▶ Data to process
- Opening Delimiter -

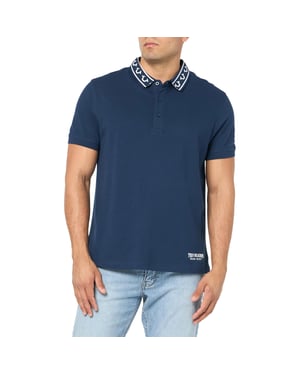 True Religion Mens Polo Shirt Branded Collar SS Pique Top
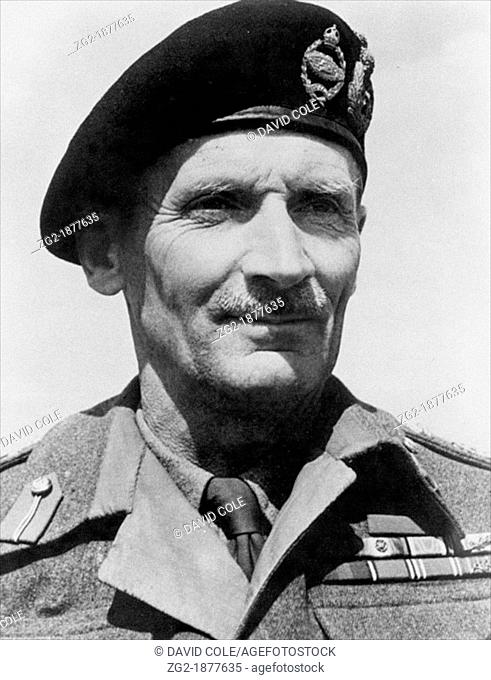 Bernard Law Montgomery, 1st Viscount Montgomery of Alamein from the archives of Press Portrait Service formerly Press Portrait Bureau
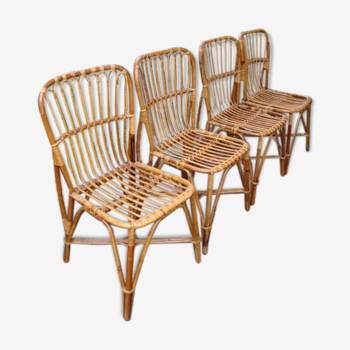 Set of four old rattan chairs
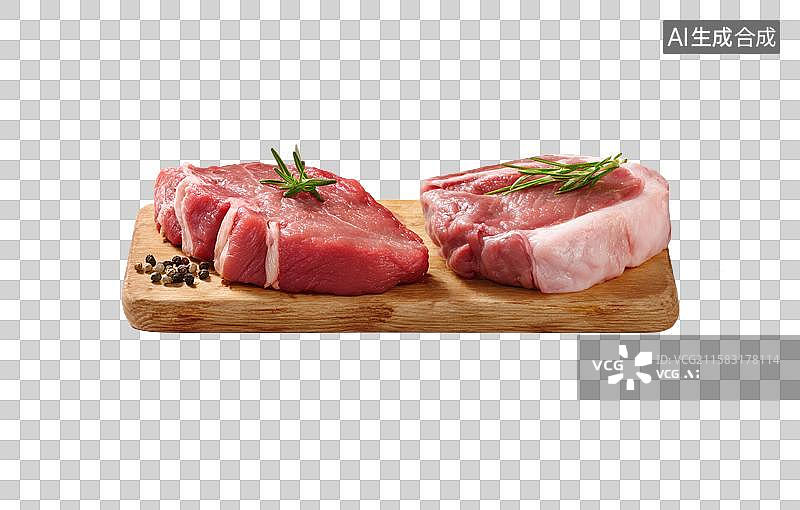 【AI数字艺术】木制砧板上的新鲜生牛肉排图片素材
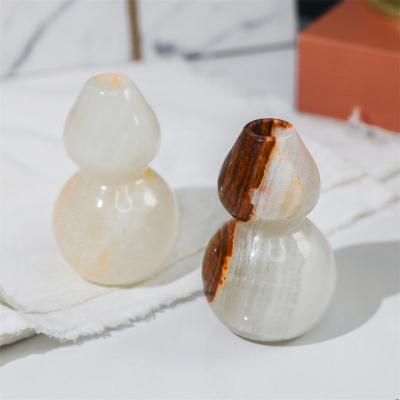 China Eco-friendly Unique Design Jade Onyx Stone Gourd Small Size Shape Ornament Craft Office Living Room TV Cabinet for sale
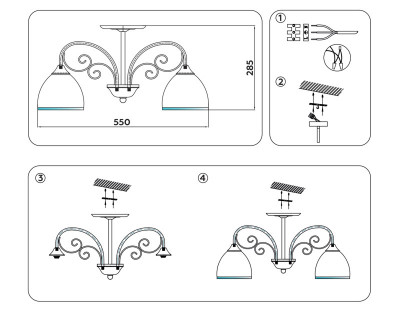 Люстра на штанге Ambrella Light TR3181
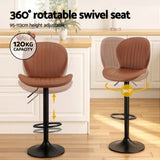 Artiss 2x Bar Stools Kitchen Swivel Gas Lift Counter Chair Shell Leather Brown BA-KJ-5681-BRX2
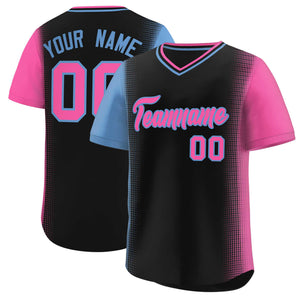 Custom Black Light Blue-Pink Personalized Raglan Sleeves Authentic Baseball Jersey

- Closing Delimiter -
- Opening Delimiter -

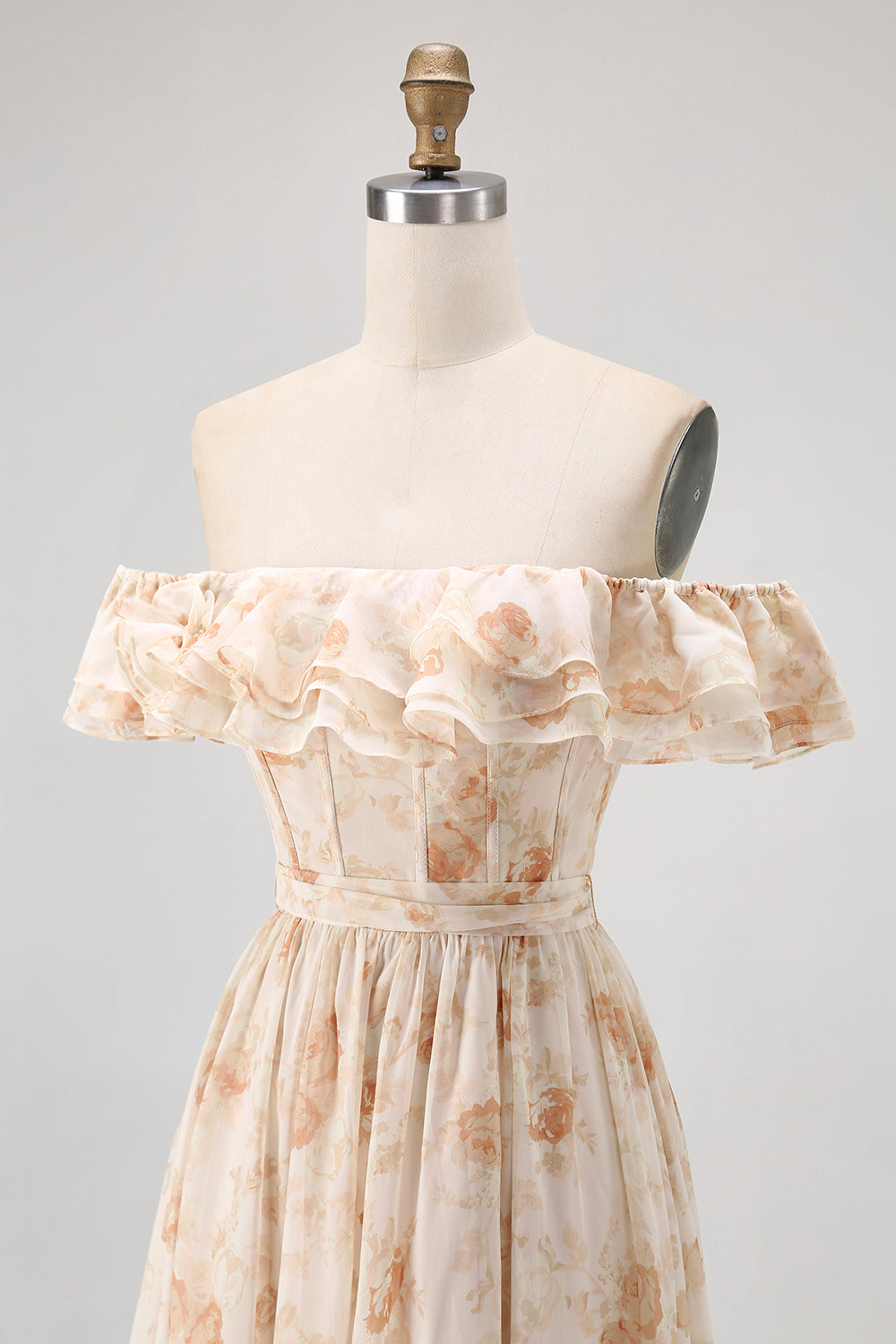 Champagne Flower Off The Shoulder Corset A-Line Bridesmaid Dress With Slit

- Closing Delimiter -
- Opening Delimiter -

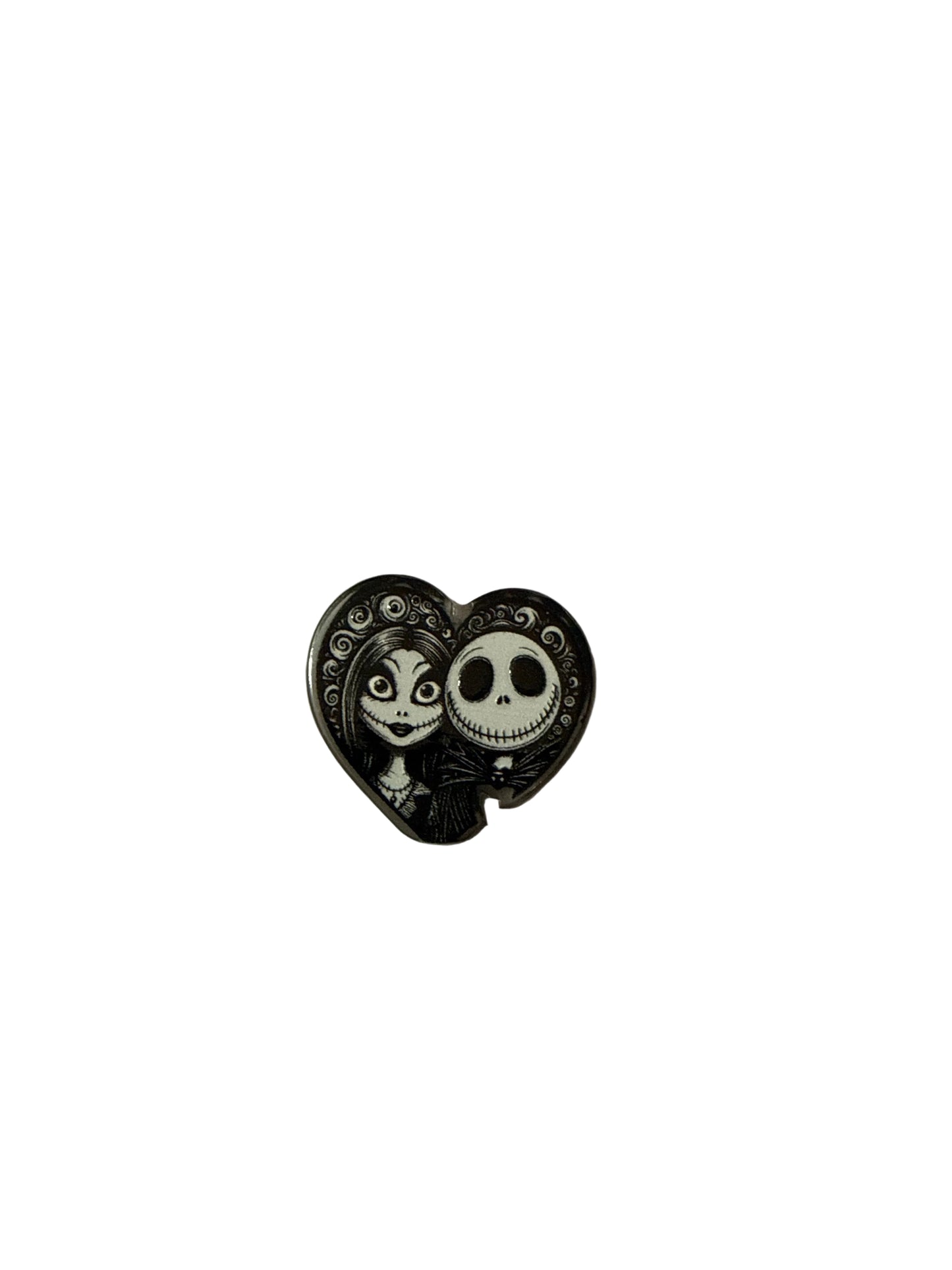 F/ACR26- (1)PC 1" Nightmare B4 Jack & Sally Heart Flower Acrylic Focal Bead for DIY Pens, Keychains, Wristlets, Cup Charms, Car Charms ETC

- Closing Delimiter -

▶ What to do
In the data above, take the line with "Люстра на штанге Ambrella Light TR3181", the line with "Custom Black Light", and every line between, and set them down exactly without pictures.

▶ Task result
 Люстра на штанге Ambrella Light TR3181
 Artiss 2x Bar Stools Kitchen Swivel Gas Lift Counter Chair Shell Leather Brown BA-KJ-5681-BRX2
 Custom Black Light Blue-Pink Personalized Raglan Sleeves Authentic Baseball Jersey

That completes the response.